Scraped caption text data:
§ §
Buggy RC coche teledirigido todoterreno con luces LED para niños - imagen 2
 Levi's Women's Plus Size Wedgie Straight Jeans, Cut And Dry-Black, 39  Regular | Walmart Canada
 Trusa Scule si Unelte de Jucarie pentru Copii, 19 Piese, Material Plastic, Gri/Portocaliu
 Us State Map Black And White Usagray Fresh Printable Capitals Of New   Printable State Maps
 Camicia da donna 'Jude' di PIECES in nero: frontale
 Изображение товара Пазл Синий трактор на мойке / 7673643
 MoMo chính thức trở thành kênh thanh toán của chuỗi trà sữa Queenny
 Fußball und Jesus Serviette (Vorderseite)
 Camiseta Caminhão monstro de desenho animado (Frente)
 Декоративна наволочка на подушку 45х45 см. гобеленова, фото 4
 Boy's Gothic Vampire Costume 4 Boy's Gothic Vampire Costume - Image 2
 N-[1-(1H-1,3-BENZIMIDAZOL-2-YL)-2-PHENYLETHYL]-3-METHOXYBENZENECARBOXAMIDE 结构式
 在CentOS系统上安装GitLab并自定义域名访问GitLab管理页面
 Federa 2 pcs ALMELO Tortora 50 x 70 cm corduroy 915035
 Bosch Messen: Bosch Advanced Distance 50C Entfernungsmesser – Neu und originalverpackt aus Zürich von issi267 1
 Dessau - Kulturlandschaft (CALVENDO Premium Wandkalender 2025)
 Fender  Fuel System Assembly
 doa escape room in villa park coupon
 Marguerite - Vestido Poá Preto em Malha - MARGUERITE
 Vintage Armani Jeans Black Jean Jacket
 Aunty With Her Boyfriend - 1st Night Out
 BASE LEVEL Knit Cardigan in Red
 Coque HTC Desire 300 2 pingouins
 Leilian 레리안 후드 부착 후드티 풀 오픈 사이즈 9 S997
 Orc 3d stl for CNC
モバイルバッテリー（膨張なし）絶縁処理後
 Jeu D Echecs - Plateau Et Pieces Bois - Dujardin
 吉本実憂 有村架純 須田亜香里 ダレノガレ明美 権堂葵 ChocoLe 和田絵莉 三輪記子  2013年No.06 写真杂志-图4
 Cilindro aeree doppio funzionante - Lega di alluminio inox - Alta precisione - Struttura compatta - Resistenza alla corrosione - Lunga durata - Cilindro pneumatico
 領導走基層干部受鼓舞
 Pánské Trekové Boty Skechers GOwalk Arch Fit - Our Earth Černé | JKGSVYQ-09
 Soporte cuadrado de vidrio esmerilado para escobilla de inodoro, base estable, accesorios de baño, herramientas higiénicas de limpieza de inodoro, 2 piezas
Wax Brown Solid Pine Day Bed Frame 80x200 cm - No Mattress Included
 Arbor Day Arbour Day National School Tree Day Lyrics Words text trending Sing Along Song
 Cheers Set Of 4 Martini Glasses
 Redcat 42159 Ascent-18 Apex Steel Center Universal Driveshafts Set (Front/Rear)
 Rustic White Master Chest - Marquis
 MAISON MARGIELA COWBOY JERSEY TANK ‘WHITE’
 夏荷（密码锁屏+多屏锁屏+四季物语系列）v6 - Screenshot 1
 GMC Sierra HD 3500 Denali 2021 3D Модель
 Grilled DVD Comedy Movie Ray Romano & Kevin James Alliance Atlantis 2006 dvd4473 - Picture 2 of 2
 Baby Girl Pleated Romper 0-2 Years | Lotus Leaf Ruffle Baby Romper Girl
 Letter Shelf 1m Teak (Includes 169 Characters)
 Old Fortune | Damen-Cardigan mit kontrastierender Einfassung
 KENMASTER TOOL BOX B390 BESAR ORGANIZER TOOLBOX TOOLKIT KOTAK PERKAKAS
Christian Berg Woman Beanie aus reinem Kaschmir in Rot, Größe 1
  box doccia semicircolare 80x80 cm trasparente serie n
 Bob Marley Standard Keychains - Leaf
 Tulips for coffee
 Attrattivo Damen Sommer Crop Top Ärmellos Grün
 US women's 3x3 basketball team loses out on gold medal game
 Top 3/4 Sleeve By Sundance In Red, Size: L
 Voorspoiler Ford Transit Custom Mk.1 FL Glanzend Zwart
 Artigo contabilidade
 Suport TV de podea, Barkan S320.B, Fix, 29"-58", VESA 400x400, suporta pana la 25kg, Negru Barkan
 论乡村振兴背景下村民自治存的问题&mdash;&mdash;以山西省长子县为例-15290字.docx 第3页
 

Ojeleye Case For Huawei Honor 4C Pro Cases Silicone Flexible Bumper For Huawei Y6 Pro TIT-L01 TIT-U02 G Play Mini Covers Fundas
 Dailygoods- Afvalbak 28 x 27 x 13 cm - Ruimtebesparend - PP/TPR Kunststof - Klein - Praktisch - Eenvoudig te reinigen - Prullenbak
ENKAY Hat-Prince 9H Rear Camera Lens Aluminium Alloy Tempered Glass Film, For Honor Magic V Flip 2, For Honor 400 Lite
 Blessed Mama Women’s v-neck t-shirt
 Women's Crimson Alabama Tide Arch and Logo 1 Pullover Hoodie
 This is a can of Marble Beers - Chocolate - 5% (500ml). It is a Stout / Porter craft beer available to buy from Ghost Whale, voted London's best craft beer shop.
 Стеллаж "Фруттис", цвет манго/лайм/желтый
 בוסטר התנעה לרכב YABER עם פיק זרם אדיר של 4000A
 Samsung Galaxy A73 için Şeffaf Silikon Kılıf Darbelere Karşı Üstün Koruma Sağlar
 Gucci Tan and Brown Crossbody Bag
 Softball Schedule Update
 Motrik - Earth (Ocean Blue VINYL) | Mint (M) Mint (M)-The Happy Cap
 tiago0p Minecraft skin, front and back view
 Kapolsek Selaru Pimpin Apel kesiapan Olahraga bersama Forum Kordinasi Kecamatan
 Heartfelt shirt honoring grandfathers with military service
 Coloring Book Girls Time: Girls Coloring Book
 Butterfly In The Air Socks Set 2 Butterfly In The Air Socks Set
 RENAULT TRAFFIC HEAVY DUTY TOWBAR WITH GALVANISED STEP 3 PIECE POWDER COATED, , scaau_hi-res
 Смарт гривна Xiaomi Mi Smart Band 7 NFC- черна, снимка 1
§ §
Retype exactly, and only, the lines above from the one where "US women's 3x3" occurs up to and including the one where "tiago0p Minecraft skin, front and back view" occurs.

# [OUTPUT BELOW]
 US women's 3x3 basketball team loses out on gold medal game
 Top 3/4 Sleeve By Sundance In Red, Size: L
 Voorspoiler Ford Transit Custom Mk.1 FL Glanzend Zwart
 Artigo contabilidade
 Suport TV de podea, Barkan S320.B, Fix, 29"-58", VESA 400x400, suporta pana la 25kg, Negru Barkan
 论乡村振兴背景下村民自治存的问题&mdash;&mdash;以山西省长子县为例-15290字.docx 第3页
 

Ojeleye Case For Huawei Honor 4C Pro Cases Silicone Flexible Bumper For Huawei Y6 Pro TIT-L01 TIT-U02 G Play Mini Covers Fundas
 Dailygoods- Afvalbak 28 x 27 x 13 cm - Ruimtebesparend - PP/TPR Kunststof - Klein - Praktisch - Eenvoudig te reinigen - Prullenbak
ENKAY Hat-Prince 9H Rear Camera Lens Aluminium Alloy Tempered Glass Film, For Honor Magic V Flip 2, For Honor 400 Lite
 Blessed Mama Women’s v-neck t-shirt
 Women's Crimson Alabama Tide Arch and Logo 1 Pullover Hoodie
 This is a can of Marble Beers - Chocolate - 5% (500ml). It is a Stout / Porter craft beer available to buy from Ghost Whale, voted London's best craft beer shop.
 Стеллаж "Фруттис", цвет манго/лайм/желтый
 בוסטר התנעה לרכב YABER עם פיק זרם אדיר של 4000A
 Samsung Galaxy A73 için Şeffaf Silikon Kılıf Darbelere Karşı Üstün Koruma Sağlar
 Gucci Tan and Brown Crossbody Bag
 Softball Schedule Update
 Motrik - Earth (Ocean Blue VINYL) | Mint (M) Mint (M)-The Happy Cap
 tiago0p Minecraft skin, front and back view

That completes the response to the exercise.